You may hear a lot about enticing loan and lease rates in commercials, but only consumers with the strongest credit scores are actually qualifying for the sweet deals. The rest of the foot traffic in showrooms, depressed as it is, is walking away without new car keys in hand.
That's where the new president and Congress come in. Plans are afoot to buy up troubled auto loans and also allow the beleaguered automakers to tap funds made available to struggling banks. That could help dealers start moving the metal again.
Although current forecasts call for another brutal year for Detroit in 2009, the industry might actually be facing a slightly more bullish outlook, provided it has the cash to lend.
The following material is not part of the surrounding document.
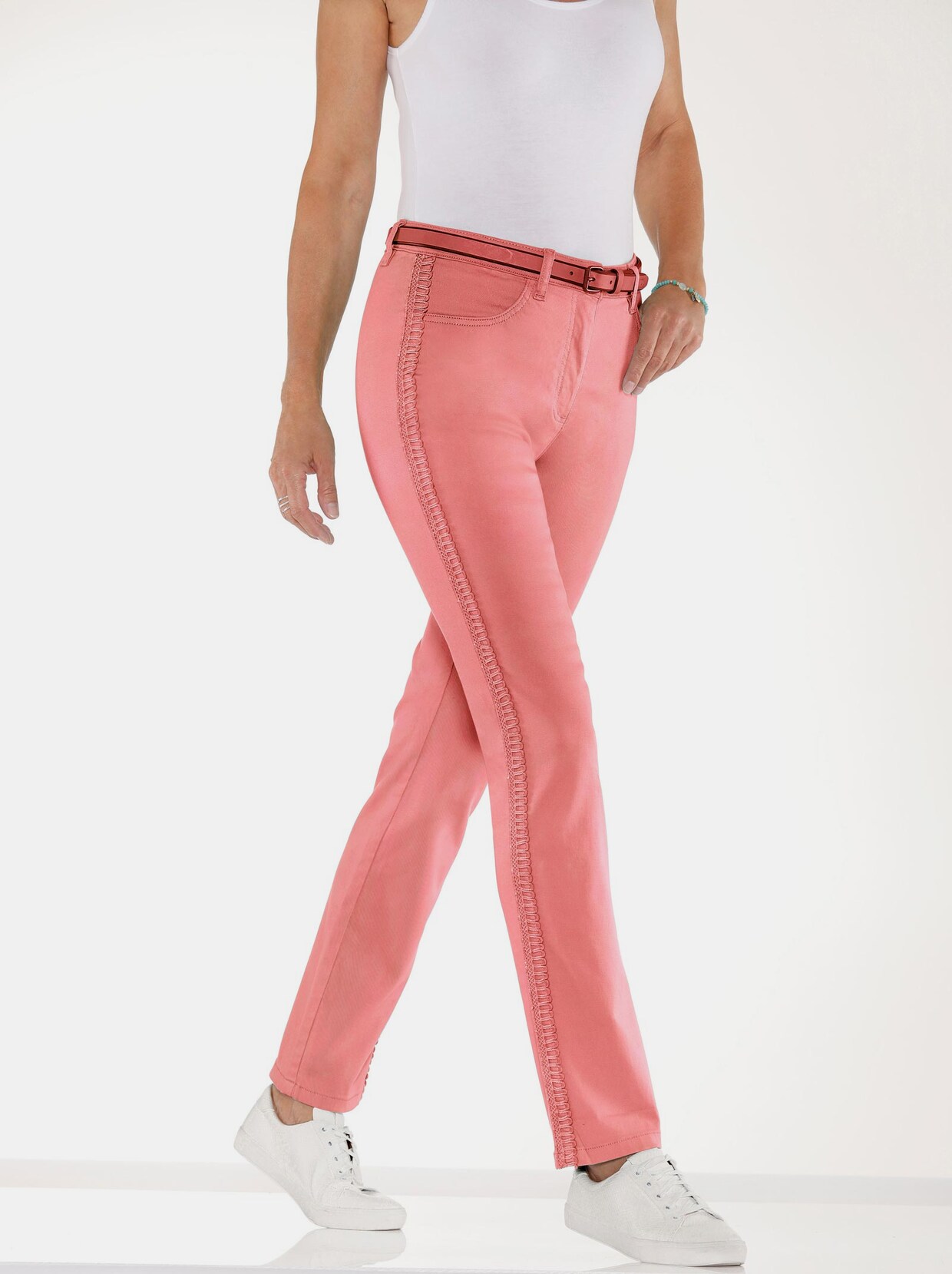 Jeans - flamingo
That's because several industry headwinds are starting to become tailwinds:
- Gasoline pump prices have fallen 35% since peaking early this summer, and with oil at $65 (at the time of this writing), pump prices could fall another 10% to 15% this winter.
- The average age of the country's fleet of cars and trucks had been quite young, thanks to the above-average sales pace seen in 2005 and 2006. But since then, the fleet has steadily aged, and a large number of vehicles, especially pick-up trucks used in heavy-duty environments, are moving closer to the end of their useful range.
- The automakers have been working feverishly to roll out freshly designed fuel-efficient vehicles, a number of which are expected to hit the market in 2009.